Archive for the 'Beluga' Category

Reasoning with higher-order abstract syntax and contexts

By Amy Felty and Brigitte Pientka, from ITP 2010, available from Amy Felty’s website:

A variety of logical frameworks support the use of higher-order abstract syntax (HOAS) in representing formal systems given via axioms and inference rules and reasoning about them. In such frameworks, object-level binding is encoded directly using meta-level binding. Although these systems seem superficially the same, they differ in a variety of ways; for example, in how they handle a context of assumptions and in what theorems about a given formal system can be expressed and proven. In this paper, we present several case studies which highlight a variety of different aspects of reasoning using HOAS, with the intention of providing a basis for qualitative comparison of different systems. We then carry out such a comparison among three systems: Twelf, Beluga, and Hybrid. We also develop a general set of criteria for comparing such systems. We hope that others will implement these challenge problems, apply these criteria, and further our understanding of the trade-offs involved in choosing one system over another for this kind of reasoning.

Associated proof scripts can be found here.

Programming with proofs and explicit contexts

By Brigitte Pientka and Johua Dunfield, from PPDP 2008, available from the Beluga website:

This paper explores a new point in the design space of functional programming: functional programming with dependently-typed higher-order data structures described in the logical framework LF. This allows us to program with proofs as higher-order data. We present a decidable bidirectional type system that distinguishes between dependently-typed data and computations. To support reasoning about open data, our foundation makes contexts explicit. This provides us with a concise characterization of open data, which is crucial to elegantly describe proofs. In addition, we present an operational semantics for this language based on higher-order pattern matching for dependently typed objects. Based on this development, we prove progress and preservation.

Presentation slides are also available here.

A type-theoretic foundation for programming with higher-order abstract syntax and first-class substitutions

Brigitte Pientka, from POPL 2008, available from Brigitte Pientka’s website.

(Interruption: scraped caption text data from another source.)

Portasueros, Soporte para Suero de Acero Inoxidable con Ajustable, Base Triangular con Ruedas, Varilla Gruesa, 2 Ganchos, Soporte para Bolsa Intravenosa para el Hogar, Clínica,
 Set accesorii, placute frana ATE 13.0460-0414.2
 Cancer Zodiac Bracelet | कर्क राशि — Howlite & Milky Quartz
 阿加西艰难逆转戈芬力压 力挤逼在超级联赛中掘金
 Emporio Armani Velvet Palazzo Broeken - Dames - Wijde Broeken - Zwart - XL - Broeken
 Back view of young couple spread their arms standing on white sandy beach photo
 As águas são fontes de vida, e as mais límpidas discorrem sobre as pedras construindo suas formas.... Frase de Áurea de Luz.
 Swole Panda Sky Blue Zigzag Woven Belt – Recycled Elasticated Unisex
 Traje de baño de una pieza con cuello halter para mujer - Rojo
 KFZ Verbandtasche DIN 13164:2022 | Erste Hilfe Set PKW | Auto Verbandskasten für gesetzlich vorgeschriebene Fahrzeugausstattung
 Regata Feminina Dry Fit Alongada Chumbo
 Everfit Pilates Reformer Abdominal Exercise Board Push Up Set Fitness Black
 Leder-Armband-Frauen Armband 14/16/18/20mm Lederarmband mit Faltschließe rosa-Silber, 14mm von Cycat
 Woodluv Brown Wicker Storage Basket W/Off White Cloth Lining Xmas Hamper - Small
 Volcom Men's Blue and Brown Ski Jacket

Higher-order abstract syntax (HOAS) is a simple, powerful technique for implementing object languages, since it directly supports common and tricky routines dealing with variables, such as capture-avoiding substitution and renaming. This is achieved by representing binders in the object-language via binders in the meta-language. However, enriching functional programming languages with direct support for HOAS has been a major challenge, because recursion over HOAS encodings requires one to traverse lambda-abstractions and necessitates programming with open objects.

We present a novel type-theoretic foundation based on contextual modal types which allows us to recursively analyze open terms via higher-order pattern matching. By design, variables occurring in open terms can never escape their scope. Using several examples, we demonstrate that our framework provides a name-safe foundation to operations typically found in nominal systems. In contrast to nominal systems however, we also support capture-avoiding substitution operations and even provide first-class substitutions to the programmer. The main contribution of this paper is a syntax-directed bi-directional type system where we distinguish between the data language and the computation language together with the progress and preservation proof for our language.